The HDFC Bank share price has jumped 2% since it announced its Q1 earnings, and the gains in 2025 so far are close to 12%. Goldman Sachs has reiterated Buy on HDFC Bank with a target price of Rs 2,327 per share. This implies nearly 19% upside for the HDFC Bank share price from current levels on acceleration in earnings and growth. 

This is based on their view that the bank is now ready to deliver on loan growth, in line with their guidance. The international brokerage house expects the NIM to adjust through the year and believes that “pick-up in loan growth is what will drive improvement in operating leverage.” 

Goldman Sachs on HDFC Bank: Loan growth the big driver

According to Goldman Sachs, not only would improvement in loan growth drive operating leverage, but it is also expected to result in “better operating profit growth , about 20% in FY27 from 12% YoY growth in FY25. They also expect a rerating of the stock to “17x FY27 from 14x as visibility on return-on-assets and loan growth improves.”

Though the earnings estimates for FY26 and FY27 have been reduced by 2% and 1% respectively, the price target has been increased by 1%. This is primarily on the back of this improved visibility on loan growth. 

Goldman Sachs on HDFC Bank: Asset quality healthy

HDFC Bank’s overall asset quality remains healthy after the Q1 results announcement. Though the slippage ratio in the agri business was higher on account of seasonal weakness at 1.5% QoQ. 

However, when the numbers are adjusted after utilising gains from the HDB Financial stake sale, “the PCR is quite strong in our view,” added Goldman Sachs. This, along with the total buffer provisioning, which is at 140 bps of the loan book Vs 100 bps in Q4FY25, is seen as a positive for the bank’s books going forward. 

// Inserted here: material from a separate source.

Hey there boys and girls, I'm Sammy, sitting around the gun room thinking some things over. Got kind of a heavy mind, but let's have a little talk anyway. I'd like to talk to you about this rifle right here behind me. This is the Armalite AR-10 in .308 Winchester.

Goldman Sachs on HDFC Bank: Growth and advances and deposits

Additionally, Goldman Sachs pointed out that advances from HDFC Bank grew 7% QoQ as the bank prioritised profitable growth in the quarter while consolidating loan-to-depoit ratio 95% as of Q1FY26.

The Bank’s deposit growth has just been higher QoQ, but it is also higher than the industry average. According to Goldman Sachs, this has been driven by “strong TD accretion in Q1FY26, CASA, meanwhile, dipped by 90 bps QoQ. 

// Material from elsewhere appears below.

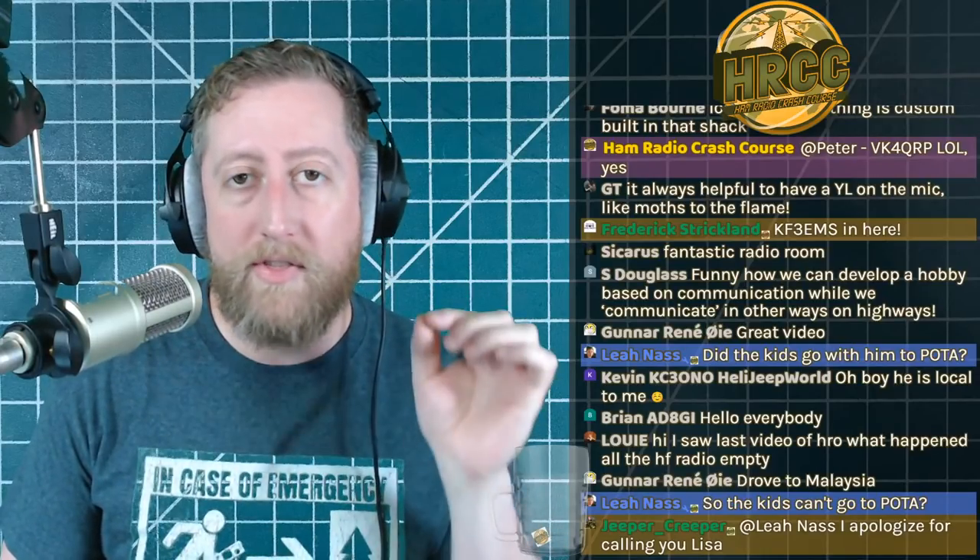Thanks so much for watching — Vance, you did a great job. Everybody, I'm very excited for the POTA weekend, so make sure you get involved with that. We have a Discord giveaway going right now: if you want to get your chance to win one of three Signal Stick antennas, go to the Discord link in the description, join us there, click the party horn on the giveaway chat room. We're giving away three Signal Sticks — one in about 15 minutes, and then two more at the end of the show.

Goldman Sachs on HDFC Bank: Key risks

However, there are some risks too that one needs to keep in mind. According to Goldman Sachs, “delay in loan growth due to weak macro environment and execution challenges delaying improvement in productivity,” are key factors to watch. 

The international brokerage house also pointed out that “aggressive competition in retail loans, especially mortgages from PSU Banks and further policy cuts impacting margins are key factors to watch.”